*** Begin section ***
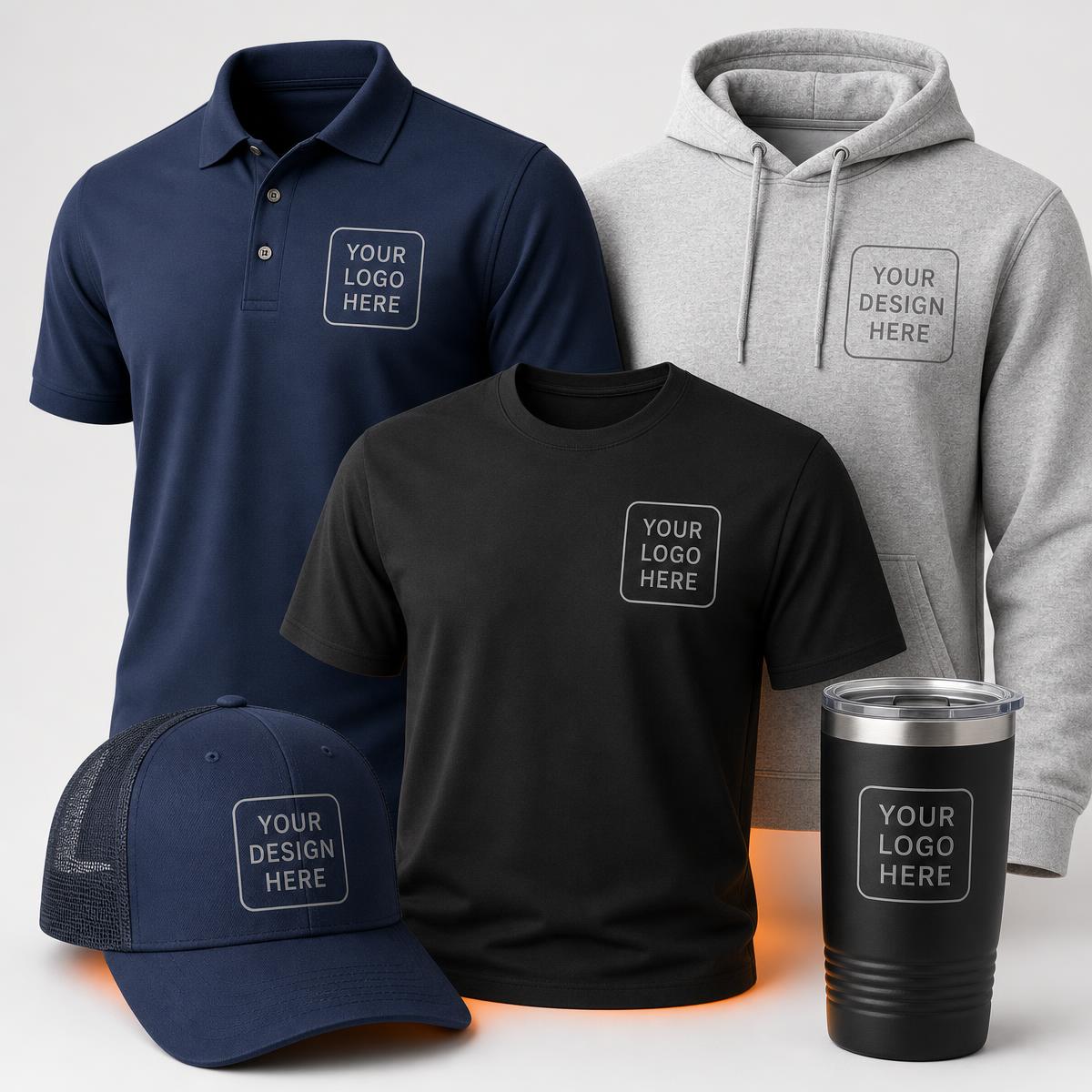 Montage of blank apparel mockups — navy polo, gray hoodie, black t-shirt, navy trucker cap, and black tumbler — each marked YOUR LOGO HERE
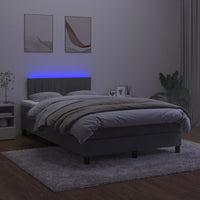 Letto a Molle con Materasso e LED Grigio Scuro 120x200 cm cod mxl 63219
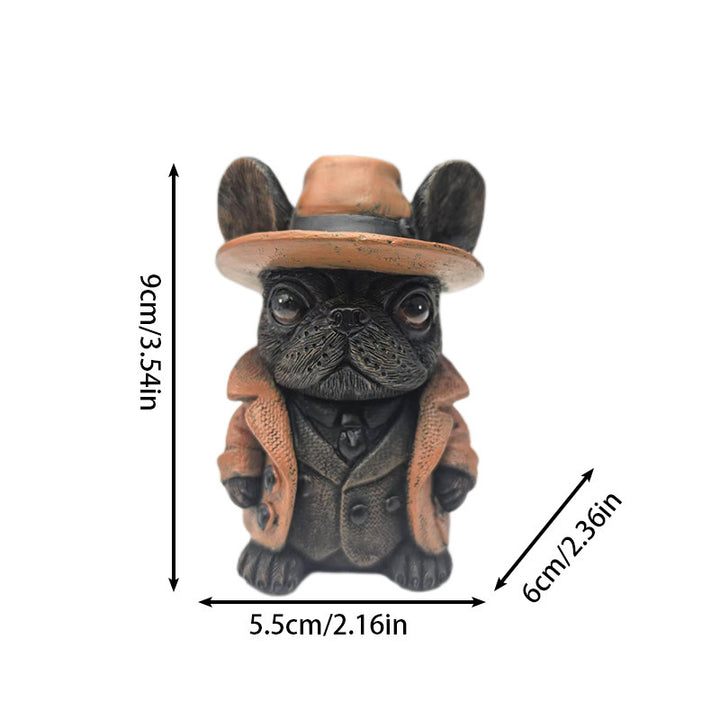 Decorative figure French Bulldog in suit Bowlift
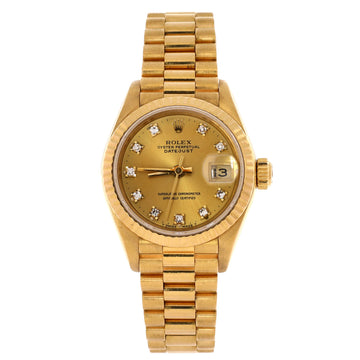 Rolex Oyster Perpetual Datejust Automatic Watch Yellow Gold with Diamond Markers 26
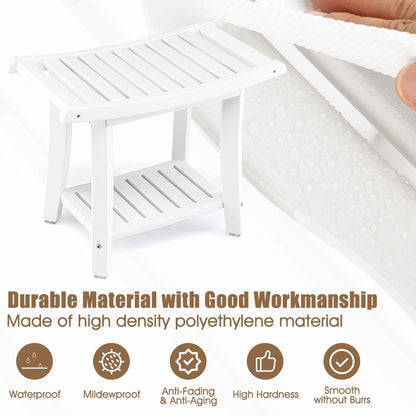 2-tier HDPE Waterproof Shower Bench with Curved Seat-White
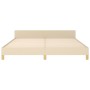 Bed frame with cream fabric headboard 160x200 cm by , Beds and slatted bases - Ref: Foro24-3125232, Price: 236,66 €, Discount: %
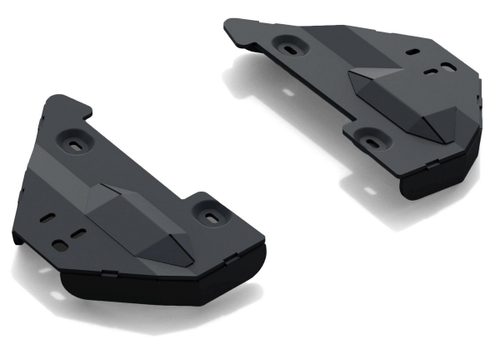 Защита передних рычагов Rival для Toyota Hilux VIII (V - 2.4D; 2.8D) 4WD 2015-2018/Toyota Hilux VIII рестайлинг (V - 2.8D) 4WD 2018-2020 2020-н.в. (устан-ся только с 2111.5710.1.3/1.9502.1/1.09502.1), сталь 3 мм, 2 части , с крепежом, штампованная, 2111.9525.1.3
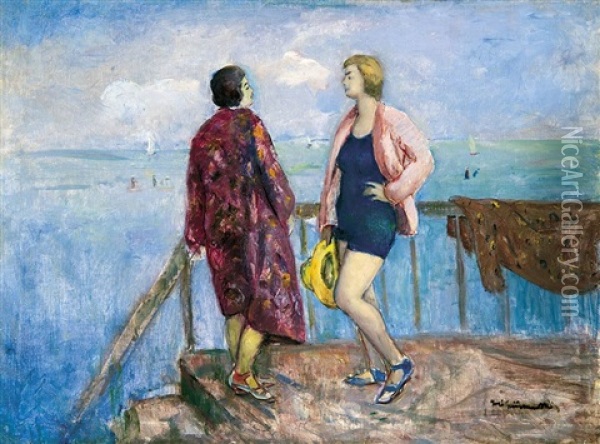 Bathers At Lake Balaton Oil Painting - Bela Ivanyi Gruenwald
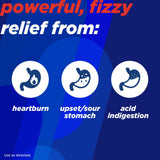 Alka-Seltzer à forte dose se dissout dans l'eau rapidement pour un soulagement.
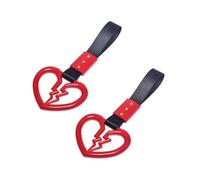 MOXRUQ 2 PCS Broken Heart Car Handle Strap, Drift Charm Handle Strap, Auto Heart Shape Rear Bumper Warning Hanging Ring, Fashion Love Decoration for Most Cars Trucks Interior and Exterior (Red)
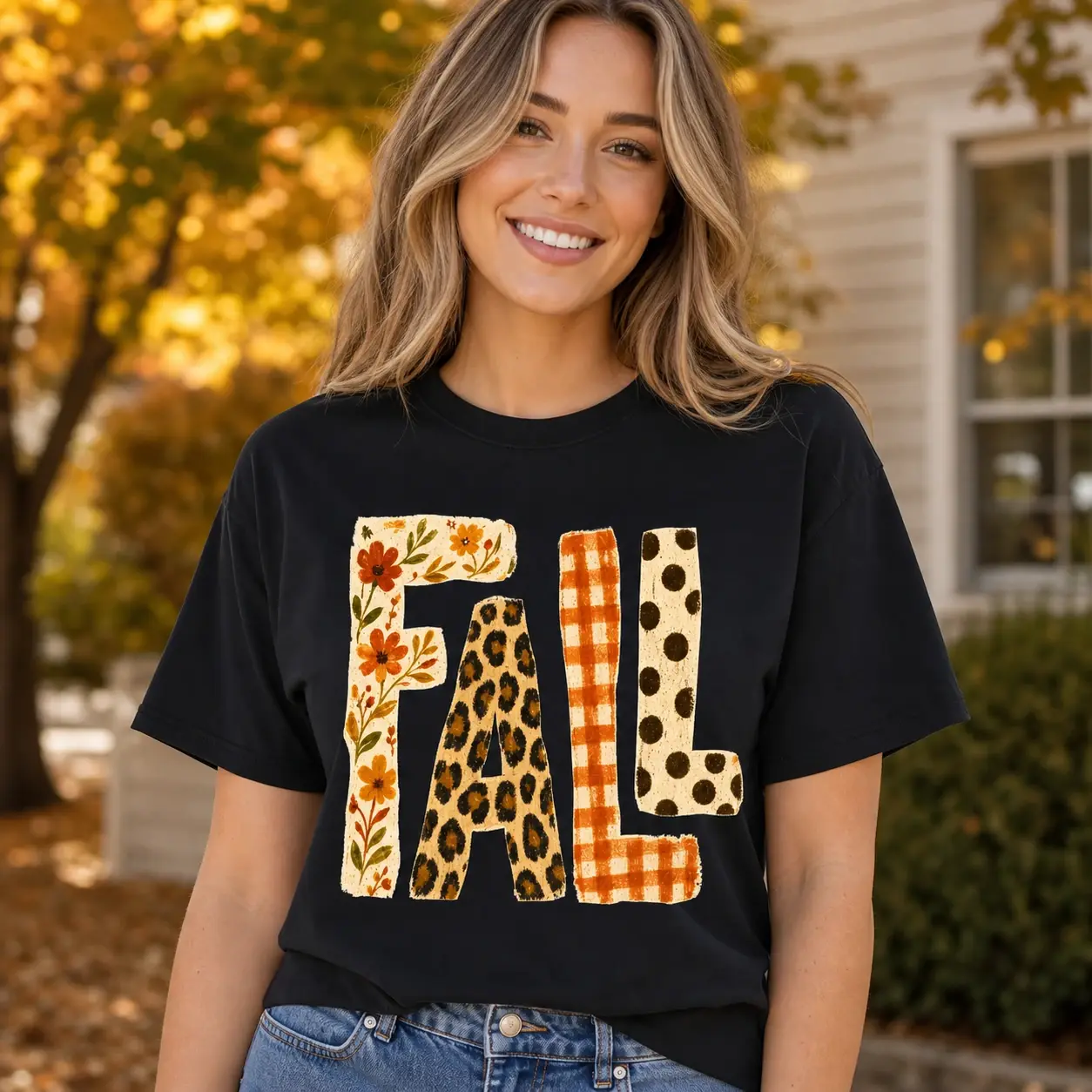 Women’s FALL Patchwork Letter Shirt, Autumn Floral Plaid Gingham Tee, Thanksgiving Pumpkin Patch Outfit and Fall Lover Gift - DPCLICK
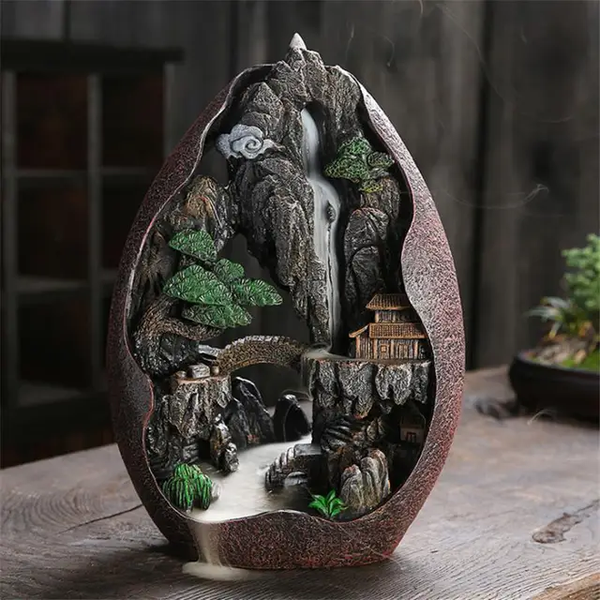 Backflow Incense Holder with Aromatherapeutic Incense Cones – Landscape Waterfall Design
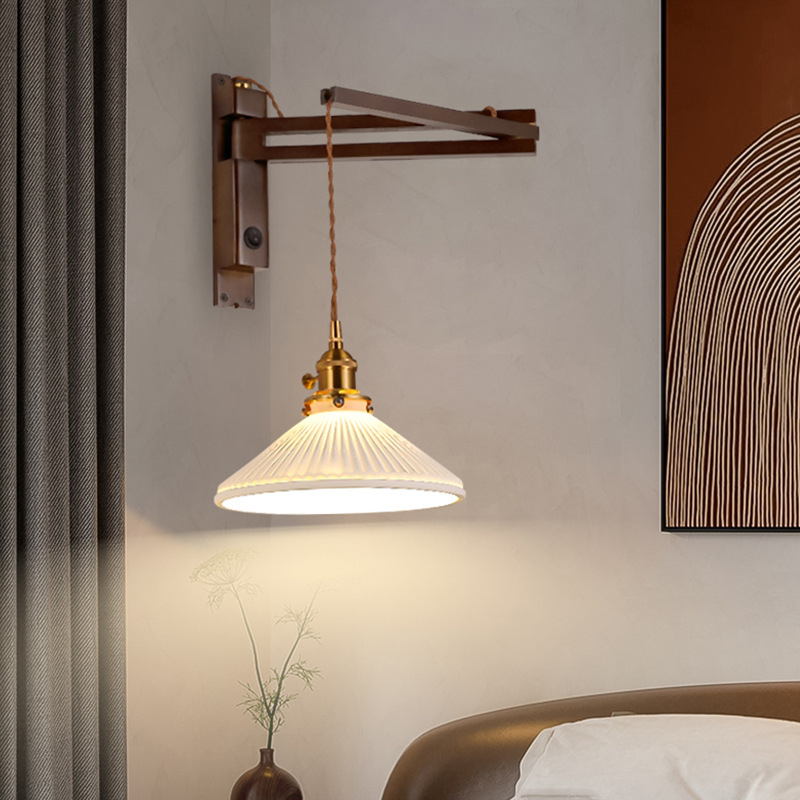 Zidna lampa za spavaću sobu i radni prostor sa sklopnim podesivim ramenom, LED, novi kineski stil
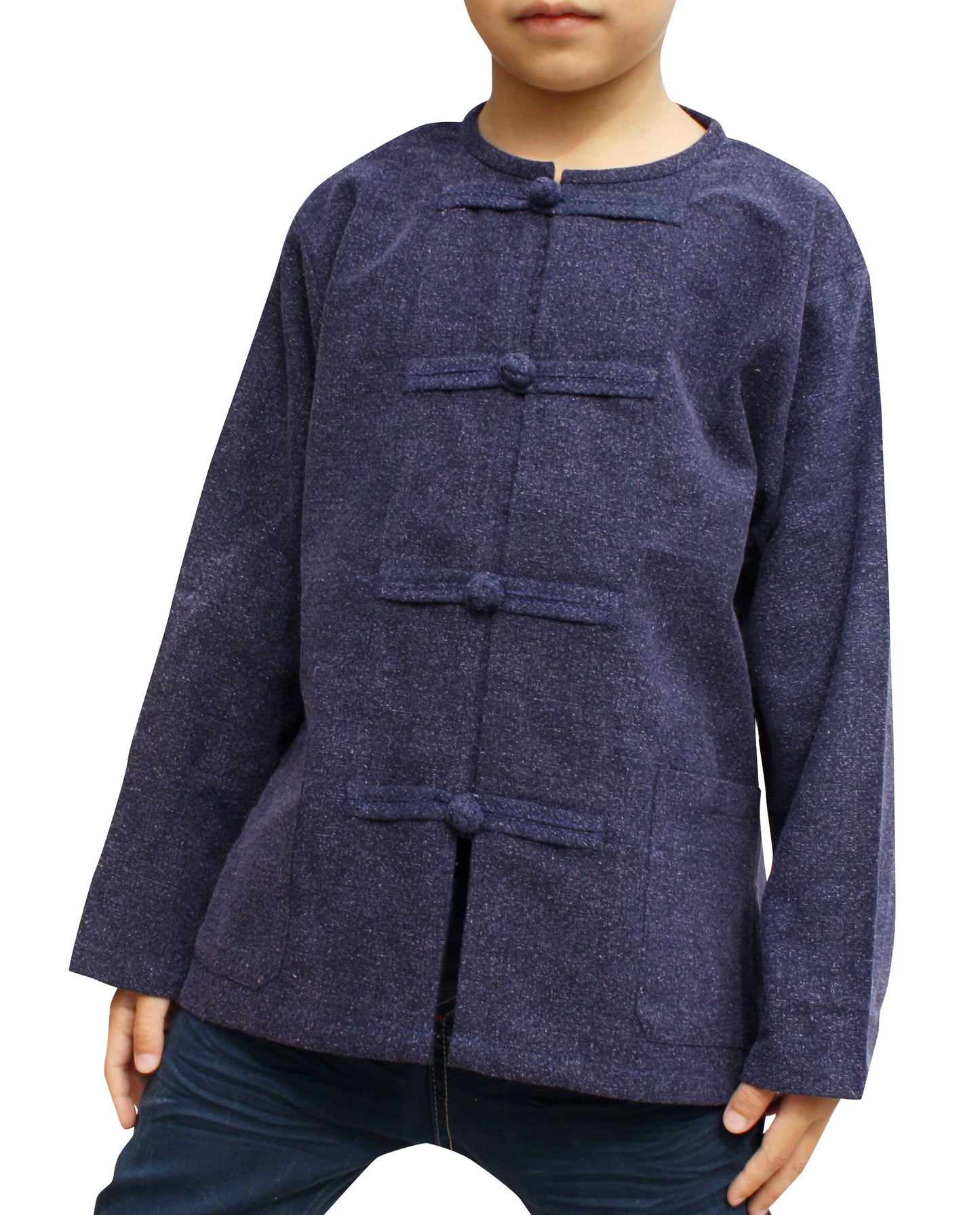 RaanPahMuang Childrens Mixed Cotton Shirt Open Collar Frog Button Long Sleeve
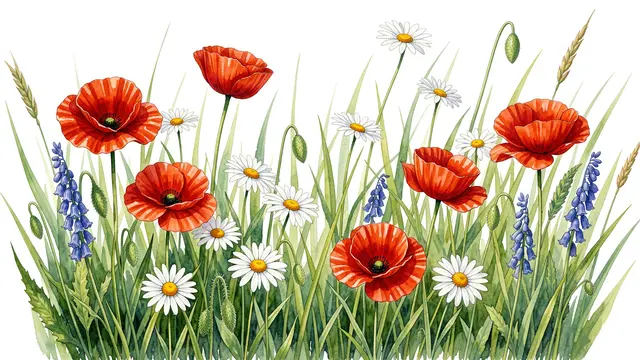 Watercolor illustration of red poppies, white daisies, and blue bell flowers growing in tall green grass against a white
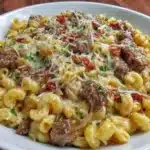 Creamy beef pasta dish served in a bowl with parsley garnish
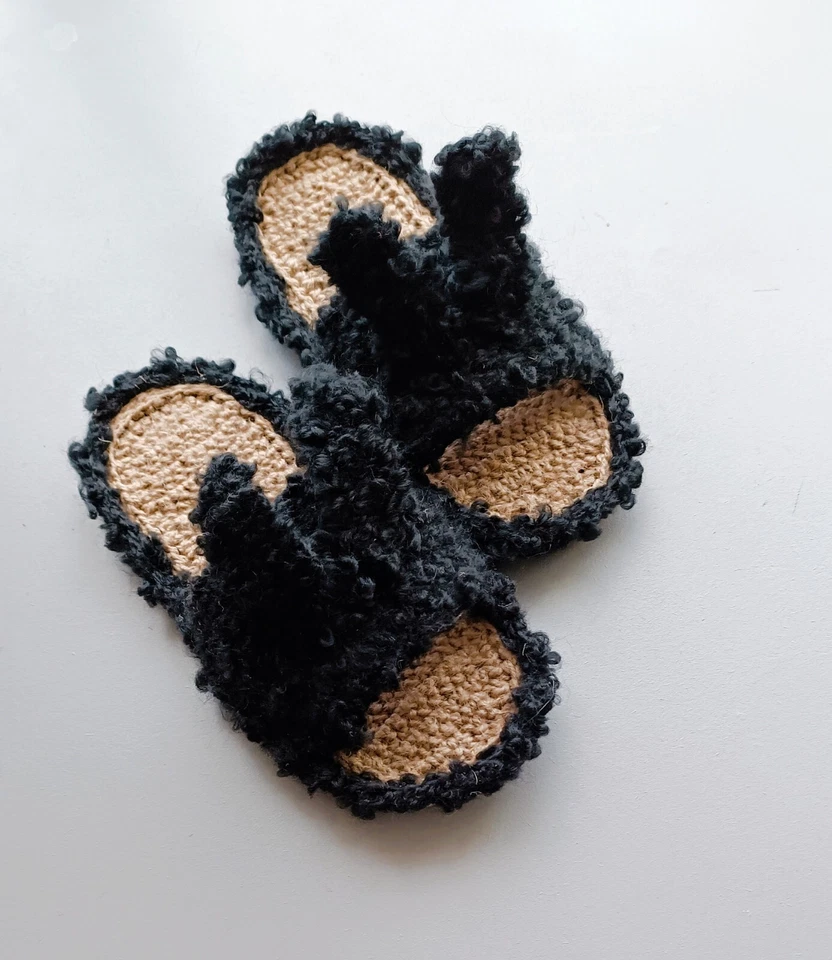 Black Bunny slippers new size 8.5 hemp handmade shoes non-slip sole - Image 2 of 4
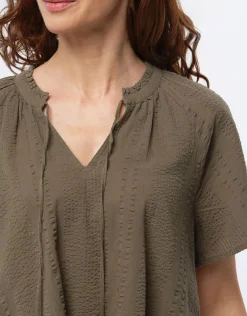 Sale Blouse ample coton kaki Chemisiers & Blouses|Hauts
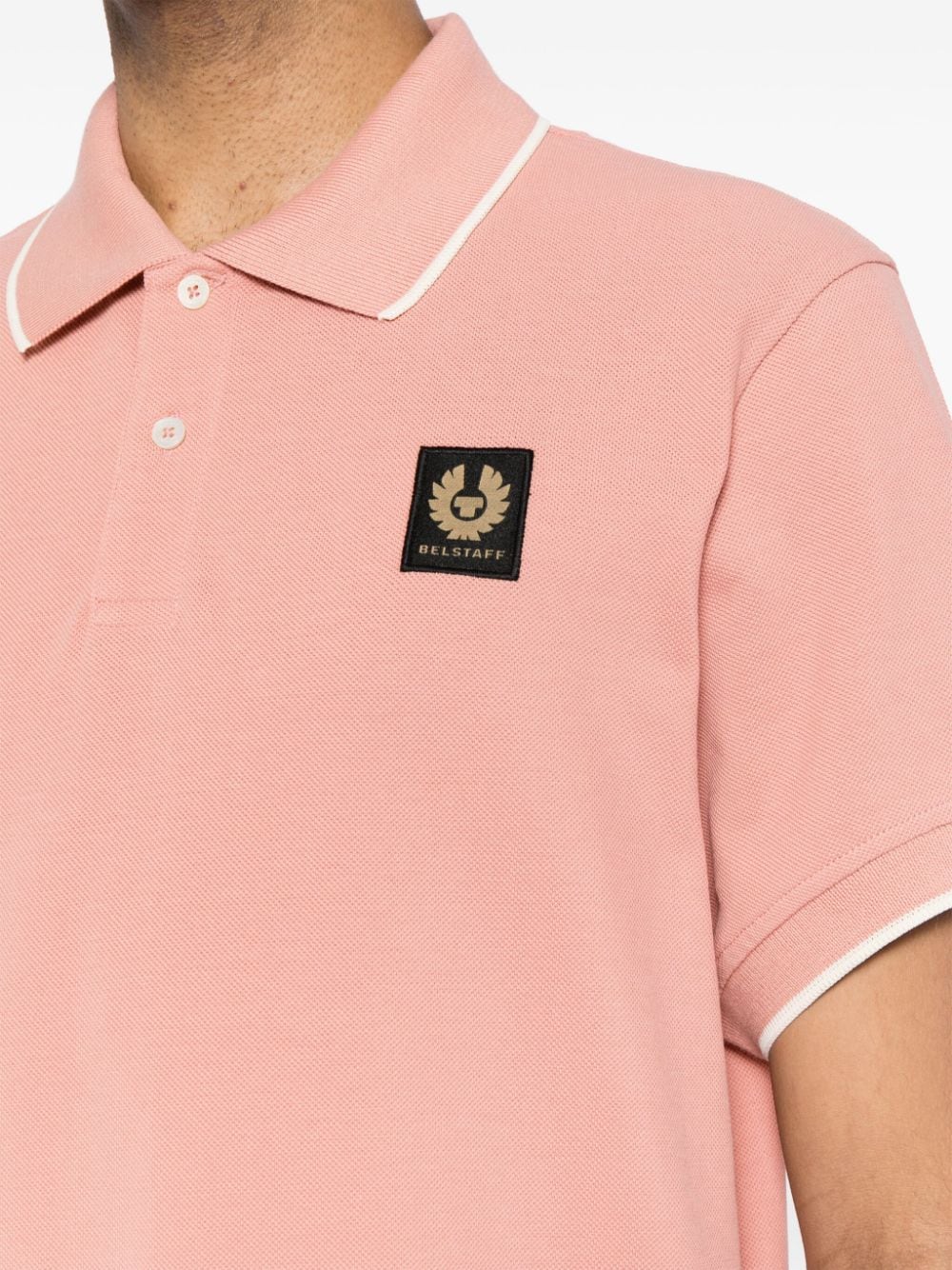 Shop Belstaff Logo-appliqué Cotton Polo Shirt In Pink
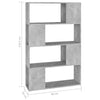 Kirjahylly/tilanjakaja betoninharmaa 80x24x124,5 cm lastulevy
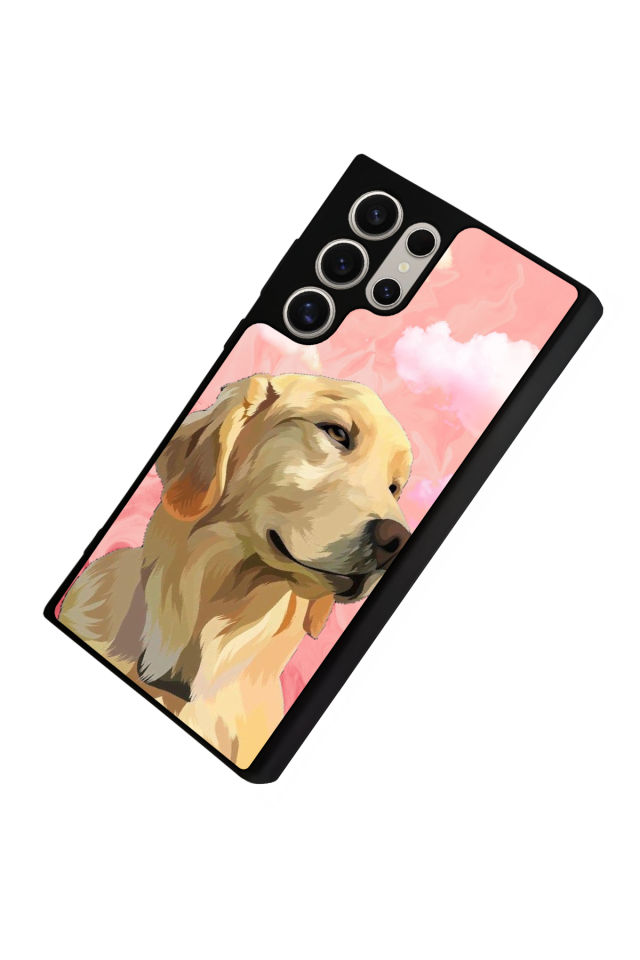 Samsung Galaxy S22 Ultra Uyumlu Golden Kopek Tasarımlı Glossy Premium Kılıf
*** End section ***
-- What you are asked to do --
Please repeat exactly the lines from the one containing "MOXRUQ 2 PCS" through the last line of the records, both included, and leave out the pictures.

-- Solution to the exercise --
 MOXRUQ 2 PCS Broken Heart Car Handle Strap, Drift Charm Handle Strap, Auto Heart Shape Rear Bumper Warning Hanging Ring, Fashion Love Decoration for Most Cars Trucks Interior and Exterior (Red)
 Women’s FALL Patchwork Letter Shirt, Autumn Floral Plaid Gingham Tee, Thanksgiving Pumpkin Patch Outfit and Fall Lover Gift - DPCLICK
 Backflow Incense Holder with Aromatherapeutic Incense Cones – Landscape Waterfall Design
 Zidna lampa za spavaću sobu i radni prostor sa sklopnim podesivim ramenom, LED, novi kineski stil
 RaanPahMuang Childrens Mixed Cotton Shirt Open Collar Frog Button Long Sleeve
 Watercolor illustration of red poppies, white daisies, and blue bell flowers growing in tall green grass against a white
 Creamy beef pasta dish served in a bowl with parsley garnish
 Black Bunny slippers new size 8.5 hemp handmade shoes non-slip sole - Image 2 of 4
 Sale Blouse ample coton kaki Chemisiers & Blouses|Hauts
 Shop Belstaff Logo-appliqué Cotton Polo Shirt In Pink
 Kirjahylly/tilanjakaja betoninharmaa 80x24x124,5 cm lastulevy
 Samsung Galaxy S22 Ultra Uyumlu Golden Kopek Tasarımlı Glossy Premium Kılıf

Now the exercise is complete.